Muskie fishing opens in Minnesota this weekend, but excitement for the season’s first days isn’t what it once was. That’s because the state’s lakes and rivers hold fewer muskies than they did a decade and more ago.
In fact, muskies — one of the world’s most exciting sport fish — are at a crossroads in Minnesota. Perhaps in response, the Department of Natural Resources has announced development of a new muskie management plan, which likely won’t be completed until next year. (I’ll focus on the agency’s perspective in an upcoming column.)
Whether the plan boosts muskie numbers in the approximately 100 Minnesota lakes and rivers that hold them (about half due to stocking) remains to be seen.
Below are snapshot interviews with three muskie-fishing experts — Bob Turgeon, 64, of the Twin Cities; Josh Stevenson, 48, a guide and owner of Blue Ribbon Bait in Oakdale; and muskie guide Josh Borovsky, 51, who fishes metro and northern lakes.

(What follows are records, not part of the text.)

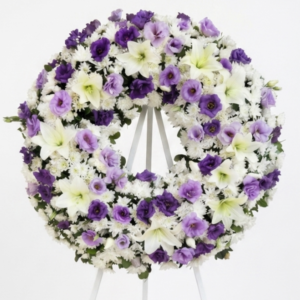 Corona Fúnebre con Lisianthus Morado y Lirios Blancos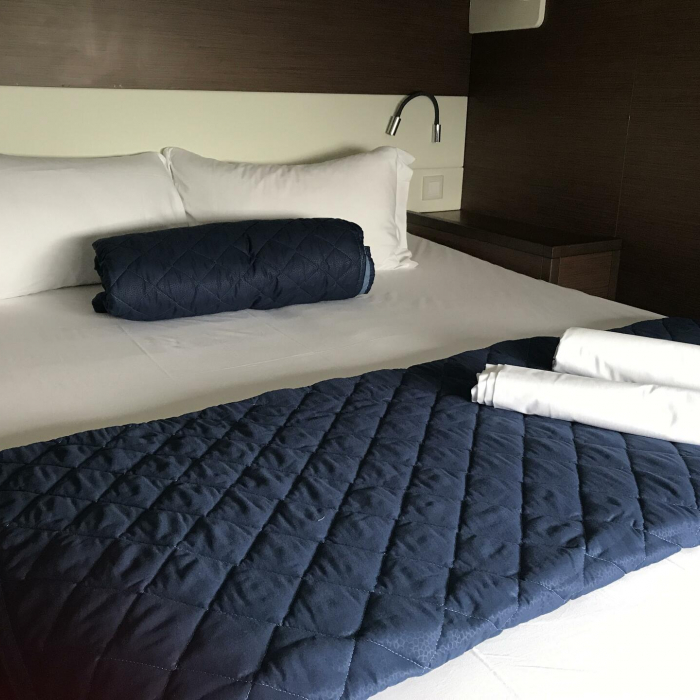 Dugongo II (SXM) (6 cab + 1 crew) (A/C, WM, Generator, Inverter, Tender Lift) | Lagoon 52F photo 14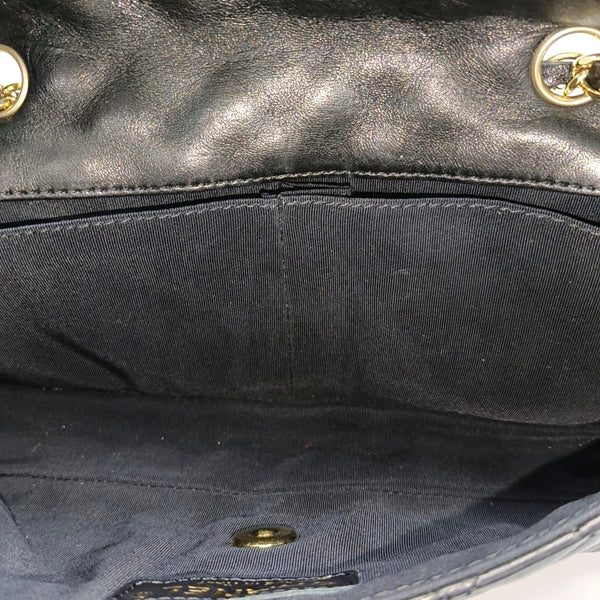 Authenticated pre-owned  CLASSIC FLAP Quilted Lambskin Black - Shoulder Bag at Looply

The status of Minnesota muskies
Stevenson: It’s poor to below average and needs help. But the DNR appears to be doing very little to return muskies to their former populations. My understanding is that membership in Muskies Inc. is down as a result of declining interest. A guy who comes into my shop fishes aggressively and he caught only four muskies all last year in White Bear Lake.
Turgeon: The hours you put in vs. the reward is way down. A big issue is that stocking has not kept up with fishing pressure. Muskies took off when they were first stocked. But they’ve since settled back, in part I think due to too little stocking of larger muskies.
Borovsky: Muskies have taken a huge decline from where they were. Mille Lacs is the most obvious example of the DNR letting a fishery go downhill. Muskie stocking in Mille Lacs was stopped for four years in the early 2000s. Since then, they’ve stocked only 3,000 fish every other year. When Mille Lacs went downhill, its large army of muskie anglers dispersed, quadrupling pressure on many other lakes.
Is the DNR bowing to pressure from muskie opponents?
Turgeon: Whenever muskie stocking is proposed, opposition seems to spring up. Endless studies have determined what muskies eat, and it’s not walleyes. But opponents keep saying the same thing, that muskies eat walleyes. In fact, some of the state’s best walleye lakes are good muskie lakes.